The survey has to be carried out on the hull strength, stability, and water tightness of the sail boats at regular intervals. The survey includes the overall inspection, close up survey, thickness measurement, and the inspection of corrosion protecting devices. The survey is not completed until all problem conditions are rectified and the sailboat is seaworthy.
The hull of the sailboat must be strong enough to withstand the following stresses:
- Stresses in the bottom and side structures due to the hydrostatic pressure of the sea water around the ship.
- Stresses in the tank boundaries – bottom, side, and tank top along with the fittings such as manhole covers, due to hydrostatic pressure of the liquid inside the tank.
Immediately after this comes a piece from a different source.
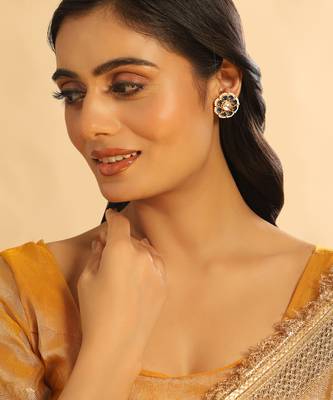 gold plated floret noor stud earrings 2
- Stresses due to bending moments- Longitudinal tensile and compressive stresses occur due to hogging or sagging in still waters due to the uneven loading, and at sea when the buoyancy distribution keeps changing with the movement of the waves. Bending also gives rise to shear stresses in the vertical and lateral direction.
- Stresses due to racking – Transverse stresses occur when racking is caused by abeam seas. When the waves are in an angular direction, racking of the forward and aft parts occurs in opposite directions. This causes torsion of the hull girder.
- Stresses in the side plating due to painting when the bow and the stern alternatively get submerged and rise above the water level as the boat rides the head seas, this is accompanied by pounding which means hammering of the bow or stern as they re-enter the water.
- Local stresses in the deck plating and tank tops due to effects of machinery mounted in the area.
- Local stresses in side plating due to push by tugs and when coming alongside a berth, or double banking with the boat.
- Local stresses in the bottom plating while the dry docking in way of supporting blocks or when the boat rests on the sea bed during low tide or when grounded.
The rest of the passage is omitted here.